Del resto, lungo la storia, il costante ricorrere dei còrsi a chicchessia, pur di scacciare il governo straniero che li governava, testimonia della loro atavica volontà di non avere, in ultima analisi, alcun dominatore e del loro genuino - seppure mai davvero soddisfatto - desiderio d'autogoverno.
Restano pertanto come casi tutto sommato isolati gli episodi nei quali dei còrsi combattono come Garibaldini o la parabola di Leonetto Cipriani, di Centuri (Capo còrso) che, protagonista alla battaglia di Curtatone (1848) e poi a quella di Novara, più tardi sarà governatore delle Legazioni pontificie (1860) e senatore del Regno d'Italia.
Parimenti, la presenza di italiani esuli in Corsica durante la prima fase del Risorgimento, più che a stimolare un eventuale sentimento pro-italiano in senso unitario-politico - pressoché inesistente - finisce per contribuire alla diffusione di idee liberali presso la borghesia còrsa. In questo contesto, attorno al 1848 nasce in Corsica la società segreta dei Pinnuti, sorta di Carboneria isolana (in còrso i pipistrelli si dicono topi pinnuti).
Più significativo è, naturalmente, l'impegno dei notabili nel mondo politico parigino, anche come esito della pressione - che si fa sempre più crescente - affinché si integrino nello Stato francese.

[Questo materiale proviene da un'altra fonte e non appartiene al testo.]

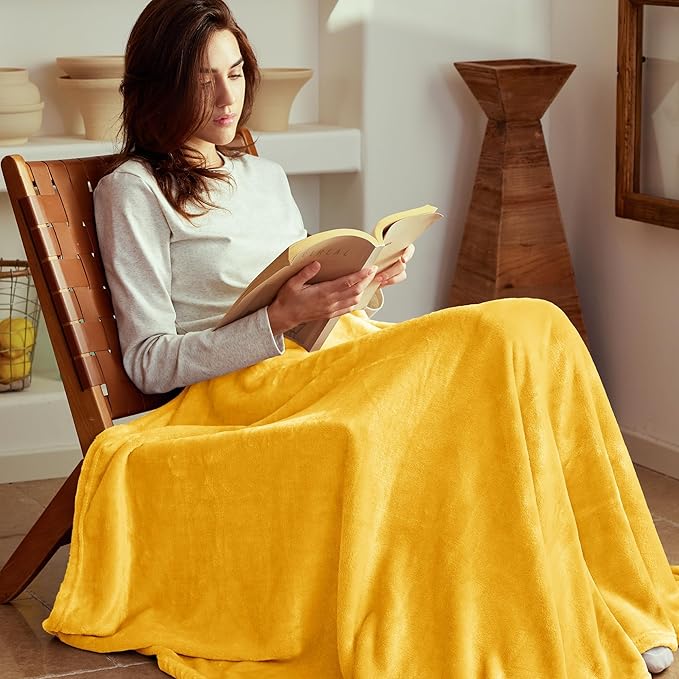 Exclusivo Mezcla Extra Large Fleece Throw Blanket for Couch, Sofa, 300GSM Super Soft and Warm Blankets, Mustard Yellow Throw All Season Use, Cozy, Plush, Lightweight, 50x70 Inches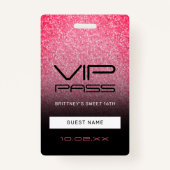 Hot Pink Black Ombre Glitzer Sweet 16. VIP Pass B Ausweis (Vorderseite)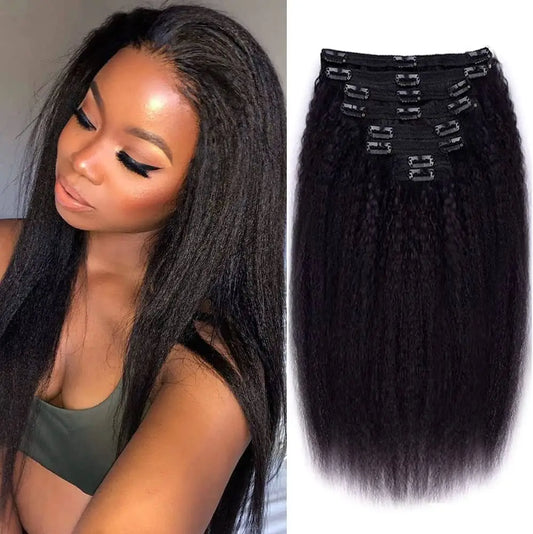 Extensions cheveux naturels brésiliens lisses – clips 100% Remy Human Hair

Sotto la Restaurazione borbonica, in una Corsica ormai poverissima si è costretti a derogare alle soglie d'accesso al voto basate sul censo, abbassandole quanto basta per coinvolgere i maggiorenti dell'isola nella politica nazionale. Si accentua così la tendenza - già presente da secoli - delle famiglie più potenti a disporre del potere, dando nuova vita al fenomeno indicato da taluni esponenti del mondo autonomista come clanista.
Tra le famiglie che incarnano questo processo, le prime sono senz'altro quelle dei Pozzo di Borgo e dei Sebastiani, che iniziano la loro attività all'ombra del nuovo potere centrale già durante il Primo Impero, e prima ancora di proclamarsi fedeli alla restaurazione monarchica. Seguiranno gli Abbatucci sotto il Secondo Impero e gli Arène nella Terza Repubblica.
Se i còrsi che cercano fortuna nella terraferma cercano d'integrarsi all'esagono, il continente scopre quest'esotica, nuova appendice del proprio territorio grazie soprattutto ai viaggi alla scoperta dell'isola di alcuni intellettuali e ai romanzi di successo che la Corsica ispira loro.
Su tutti, Honoré de Balzac che nel 1830 pubblica La Vendetta (i cui protagonisti còrsi parlano in italiano) e Prosper Mérimée con Colomba (uscito nel 1840), cui seguiranno Alexandre Dumas con I Fratelli Corsi, Gustave Flaubert e più tardi altri autori francesi di rilievo.